As children, we played with other children, found things such sticks that we used our imagination to become swords or rifles, added rubber bands and a swatch of leather to become a slingshot, built forts out of discarded materials, etc. Point is that children do not have vast amounts of resources and income is generally from chores, found money (or in my case collecting empty soda pop bottles for the 10 cent refund---child of the 1970's). Nothing was given, other than Christmas/Birthday presents, and it took ambition, effort and imagination to accomplish goals.

In starting a character in WoW, you don't have vast amounts of cash you have to go out into the world and work for it (unless it is an alt and you load them up with you main character). But just like when you were children, you make friends in the game and use collaboration and effort to accomplish goals.

In the real world, same rules apply except it isn't the friends that you already have that employ you. You have to go out and apply for a job. I personally have had very few jobs just handed to me that required an interview. In fact, I can only think of two of them and they had other connections prior to the interview. In every case of being hired after an interview it was alway a proper mix of business and casual conversation so they could evaluate my personality. Think of it as walking up on a kickball game with kids you don't know and asking if you can play too. You have to prove yourself to be worth playing with in that you both understand the rules of the game and can catch the ball as well as run the bases at the very least.

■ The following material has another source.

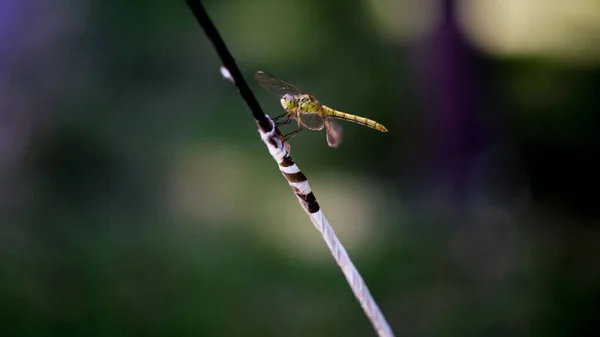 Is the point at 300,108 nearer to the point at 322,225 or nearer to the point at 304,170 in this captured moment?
the point at 322,225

Secondly, and this is a difficult concept for some to grasp, but a job doesn't define who or what you are. The concept of keeping up with the Jones or being important because you have a high paying critical job like a doctor is bogus. I once had a conversation with a DO because she noticed that I made a conscious but uncognitive man quit convulsing around while being wheeled in a gurney by only holding his wrist with my thumb and index finger. I explained that I figured he could sense the movement and was thrashing because his body thought it was failing so I held the pressure points that dissuade motion sickness. Based on that conversation, since we discussed other beneficial points I knew, she decided to take an advanced class in pressure points for her continuing education. My job at the time was janitor/security at the hospital, although I did fill in for my supervisor when he was out on medical leave a couple times and I co-authored (without credit) some of the emergency policy procedures in the event of fire or bomb threat, etc. as some things were confusing and conflicting depending on which department read their procedures for an event. But I was given a party akin to a retirement party when I resigned from the hospital to pursue a career in trucking of all things.

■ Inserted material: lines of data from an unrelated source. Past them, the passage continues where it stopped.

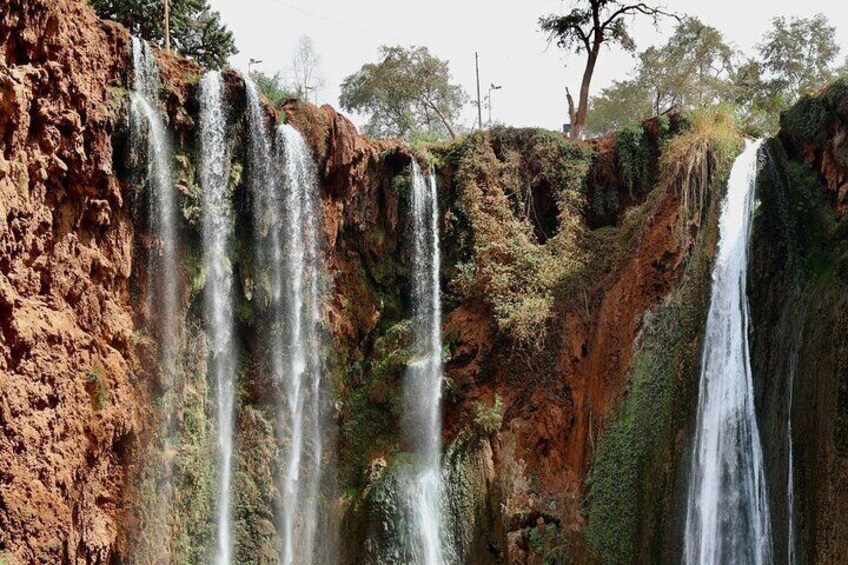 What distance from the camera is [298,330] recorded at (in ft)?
53.8

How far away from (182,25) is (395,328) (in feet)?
40.2

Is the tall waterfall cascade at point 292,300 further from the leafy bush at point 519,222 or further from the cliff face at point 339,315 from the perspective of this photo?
the leafy bush at point 519,222

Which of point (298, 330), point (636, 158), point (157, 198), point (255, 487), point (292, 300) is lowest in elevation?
point (255, 487)

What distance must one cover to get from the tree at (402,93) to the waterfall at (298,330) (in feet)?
46.0

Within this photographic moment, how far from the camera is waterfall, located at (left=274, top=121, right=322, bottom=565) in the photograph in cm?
1586

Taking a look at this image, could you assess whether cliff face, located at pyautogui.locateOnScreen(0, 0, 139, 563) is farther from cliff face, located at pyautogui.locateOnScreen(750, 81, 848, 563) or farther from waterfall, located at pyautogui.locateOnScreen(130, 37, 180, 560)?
cliff face, located at pyautogui.locateOnScreen(750, 81, 848, 563)

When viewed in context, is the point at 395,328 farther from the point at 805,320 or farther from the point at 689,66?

So to the original question of are there jobs out there, yes. But with caveat that you may have to invent them. As a homeless man told me in St. Augustine me over breakfast that I bought for him one day. You can beg for money or you can do something for money. He drew caricatures but said it could be just sanding and polishing driftwood off the beech. The point is that if you make an effort and have something people can buy than you will make more money far easier than just begging. He also did very detailed sketches of the building in St. Augustine colored with watercolor paint. One sold for $500 to a local art shop and he treated to lunch in one of St. Augustine's nicest restaurants a couple weeks later to both repay my kindness and to have someone to celebrate such success.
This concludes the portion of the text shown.